Intel could never risk a cpu not being tested.

 

Yeah, ever heard of a defective CPU, while they do exist they are very rare. Besides, at ~3secs to test a chip and with the automation of the process of picking it up, putting it in the tester and putting it back; the testing of a chip is likely to take mere seconds anyways. It would be bad for Intel not to test their CPUs for problems. Note that i do not work in that field so it's mere speculation on my part while others im sure could use sources to back themselves. However, from an engineering perspective, it doesn't make sense not to test them for at least the frequency at which they want to sell them.

I'm inclined to trust that PDF from Intel, it's probably written to show Intel in the best of lights, but i don't doubt the legitimacy of the info in there.

That said, if most of their CPUs pass the tests for the higher bins, then they can sell them as whatever other CPU they want as long as it's below that bin. If i wanted to minimize the amount of testing done, that's how i'd do it.

 

By Intel testing "very few" processors I meant putting processors through the paces and testing the capabilities of the chips. I did say that Intel tests every chip to see if they work or not, but it is very few chips that are given further testing to determine the full capabilities and limitations of the chip. It also depends on how good the yields are and how well they are able to predict the full nature of all the dies coming off the assembly line. They are trying to manufacture as many processors as they can in the least amount of time and at the lowest cost. Anything more than cursory testing of every chip does not help that. I could be wrong though, because everything I know is dated at the minimum a few years. I just assumed they really wouldn't have changed much.

 

It never worked that way, each chip goes through that power/leakage and frequency test. Extensive testing is done to ensure the validity of the quicker test, much like safety tests on a car. However no matter how good you are you have to test every chip at its rated frequency and tdp.

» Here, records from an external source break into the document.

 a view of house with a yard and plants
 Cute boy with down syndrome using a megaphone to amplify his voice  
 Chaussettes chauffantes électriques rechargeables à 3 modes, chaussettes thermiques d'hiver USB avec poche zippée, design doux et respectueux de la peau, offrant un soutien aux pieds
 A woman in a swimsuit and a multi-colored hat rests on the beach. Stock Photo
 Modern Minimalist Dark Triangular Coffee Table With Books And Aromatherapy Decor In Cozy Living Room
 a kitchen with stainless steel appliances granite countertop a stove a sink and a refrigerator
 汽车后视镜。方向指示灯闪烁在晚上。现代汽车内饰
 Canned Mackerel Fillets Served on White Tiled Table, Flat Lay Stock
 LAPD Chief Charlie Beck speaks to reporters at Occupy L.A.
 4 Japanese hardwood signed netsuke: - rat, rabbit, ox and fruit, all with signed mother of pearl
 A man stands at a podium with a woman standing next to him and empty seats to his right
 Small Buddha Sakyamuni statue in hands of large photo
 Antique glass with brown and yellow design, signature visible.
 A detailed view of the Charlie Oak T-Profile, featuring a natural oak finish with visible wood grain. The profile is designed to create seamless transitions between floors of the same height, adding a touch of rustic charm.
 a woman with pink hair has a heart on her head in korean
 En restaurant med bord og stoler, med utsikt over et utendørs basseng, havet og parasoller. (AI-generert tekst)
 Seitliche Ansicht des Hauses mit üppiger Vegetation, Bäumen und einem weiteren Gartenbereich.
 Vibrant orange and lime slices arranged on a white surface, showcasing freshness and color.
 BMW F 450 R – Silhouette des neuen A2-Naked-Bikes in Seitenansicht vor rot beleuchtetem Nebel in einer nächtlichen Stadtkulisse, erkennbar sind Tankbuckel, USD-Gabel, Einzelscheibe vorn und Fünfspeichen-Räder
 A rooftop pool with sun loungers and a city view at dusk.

There are design limits, clock targets and binning with artificial limitation for market demand.

 

Actually this industry is extremely inefficient.....comparatively. Only about 25-30% of the chips that come off the production line are actually as they were supposed to be.

Let's assume that the PL is manufacturing the desktop 7970. Defects usually are not widespread. They are small couple hundred micron wide defects. What do you do? You disable that region. There is a very high probability that that region is a smaller part of an entire CU. What happens when you disable one CU on a desktop 7970? You get the desktop 7950! It is sneaky. But it works. It is not illegal. It violates nothing. It gives them profit. And it gives customers a cheaper option.

Sometimes defects give rise to instability in logic or more power dissipation. So what do you do? You clock it lower, call it the 3720QM instead of the 3820QM and you have an entire new product that you spent no extra resources developing.

It is also because of these defects that slick's 7970m can be benched stable above 1000/1600 and mine crashes above 985/1575.

That being said, you could never have done this if each and every chip was not tested.

 

I have a feeling that Intel is far, far ahead of TSMC/GlobalFoundries in this area. Intel has never needed to release a triple core CPU, and I've never heard of a desktop Sandy Bridge i5/i7 that couldn't be overclocked by at least 4 bins. In fact, the K-series have so much overclocking headroom that I really have to wonder why Intel didn't sell the i7 2600/2600K at 4 Ghz stock.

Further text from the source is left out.